‘Nothing to hang our heads about’
Cal still very happy with season despite sudden end
MILTON, Ga. -- Moments after his team’s outstanding season had come to a sudden end short of the goal it had established for itself, Cal head coach Steve Desimone stood near the No. 2 green on the Crabapple Course at the Capital City Club and attempted to come to grips with the reality of it.
Cal senior Max Homa had just lipped out a 7-foot putt on a second playoff hole that would have extended his match against Thomas Pieters of Illinois. Instead, just like that, the match -– and Cal’s season –- was over.
Illinois moves on to face Alabama in Sunday’s national championship match, which has been moved up two hours to an 8 a.m. start in an effort to avoid inclement weather expected later in the day.
Despite entering the day as the top seed in match play, as the nation’s top-ranked team, and as the first team in modern NCAA history to win 11 of the first 13 tournaments it played in this season, Cal was packing up to go home.
“We just were not sharp [Saturday],” Desimone said. “They made some really clutch putts. … Every time I turned around, they were making putts a little more than we were. So hats off to them.
“When you have one day for a season, sometimes that carries you through -- and it certainly did for them [Saturday]. It’ll be a good match with them and Alabama [on Sunday], but I’m not going to hide my disappointment. We were looking forward to that one in a big way.”
It was the second consecutive season Desimone and his players tasted disappointment at the Division I Men’s Golf Championships. Cal lost in semifinal match-play last year, as well, falling to Alabama.
But this year was different, and everyone -- not only Desimone and his players -- seemed to sense it. Even winning Illinois head coach Mike Small said so after Saturday’s match.

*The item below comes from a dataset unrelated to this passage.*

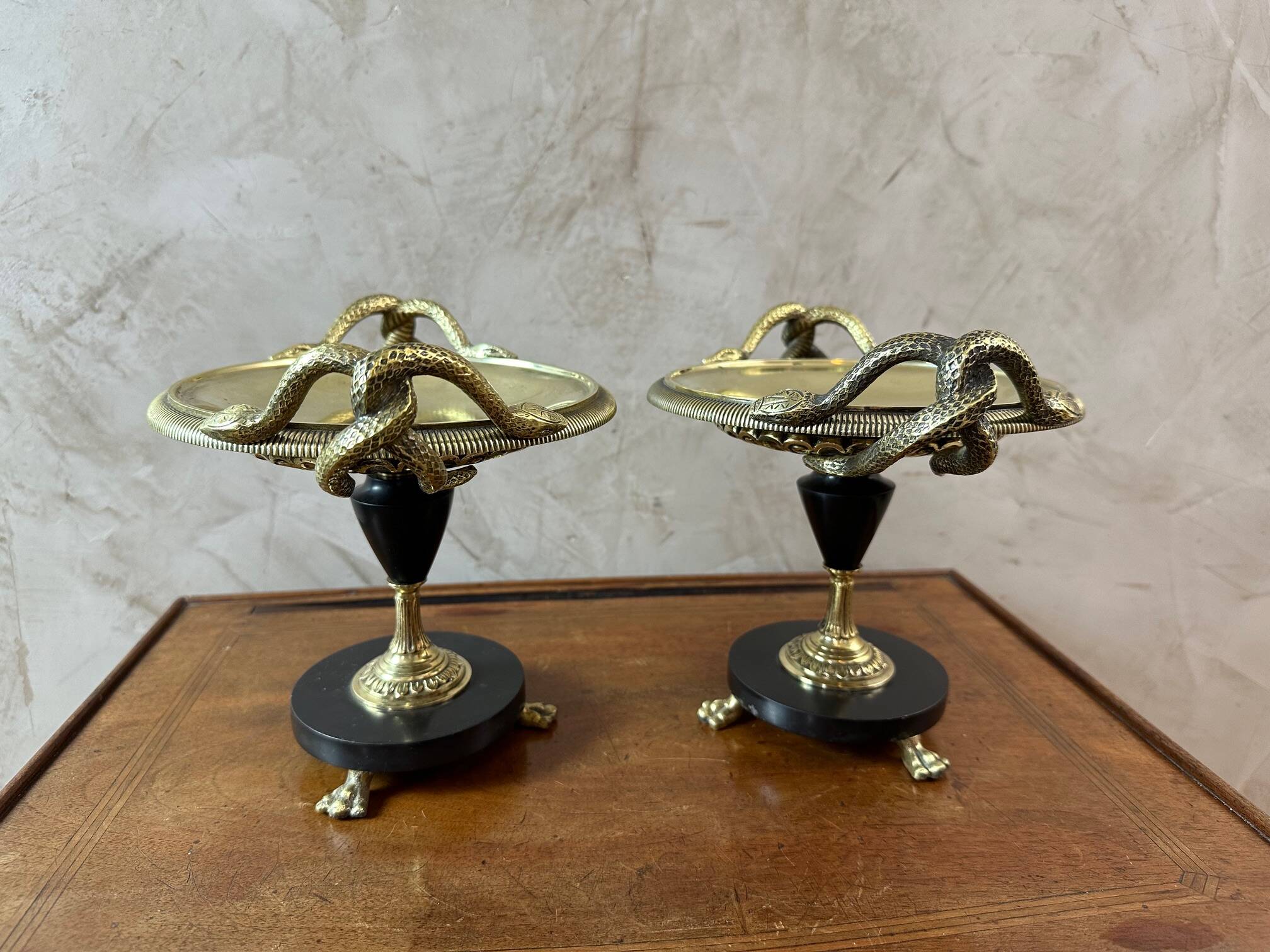 Paire de cassolettes de pharmacie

“The record says it all. And they don’t dodge anybody, either. They play some great tournaments,” Small said. “I mean, they’ve got five guys ranked in the top 25 in the nation? That’s strong. I don’t know, when’s the last time that happened?”
Small added that when a team is ranked No. 1 nationally as Cal was virtually all season long, it can create an enormous amount of pressure.
“It’s amazing when a human being has expectations and people are up there shooting at you and coming at you. That can create a lot of pressure that you feel,” Small said. “We’ve had that on a smaller level at the Big Ten championship, and we persevered. But the depth here is a lot greater and there are a lot more great teams and players coming after you.”
Cal not only won 11 of its first 13 tournaments prior to the NCAA championships, but finished second and third, respectively, in the only two tournaments it did not win. Cal also earned the top seed in the match-play portion of this week’s tournament by beating everyone else during the three days of stroke play on the difficult par-70, 7,319-yard course.
“It’s hard to believe it’s over. I don’t know the next time a season like this is going to happen. It may happen next year, or it may not happen again for another 50 years,” Desimone said. “But let me tell you: There was nothing that happened [Saturday] that diminishes that. In my humble opinion, this is the best college golf team that’s ever played.
“When you only lose to four teams all year and you’ve beaten over 200, I don’t know what else you can say. I’m so proud of these guys. It’ll be a very rough afternoon and a tough few days, but what they’ve accomplished is going to live for a long time. Whether we won or we lost here, the season we had was unique in the history of college golf and we’re going to be able to celebrate that for a long time.”
So even in defeat, Homa echoed his coach’s belief that Cal remains a team to be remembered in a special, historic way in NCAA golf annals.
“To be honest, I don’t think there’s any doubt we had the greatest team ever assembled. We only lost four times this year,” Homa said. “This match-play format is tough. You have to be on every day and you have to have every player on, from top to bottom, in the match play. It’s just tough.
“We won the stroke play by six over the other 29 best teams in the country. … We have nothing to hang our heads about. But we just wanted one more day.”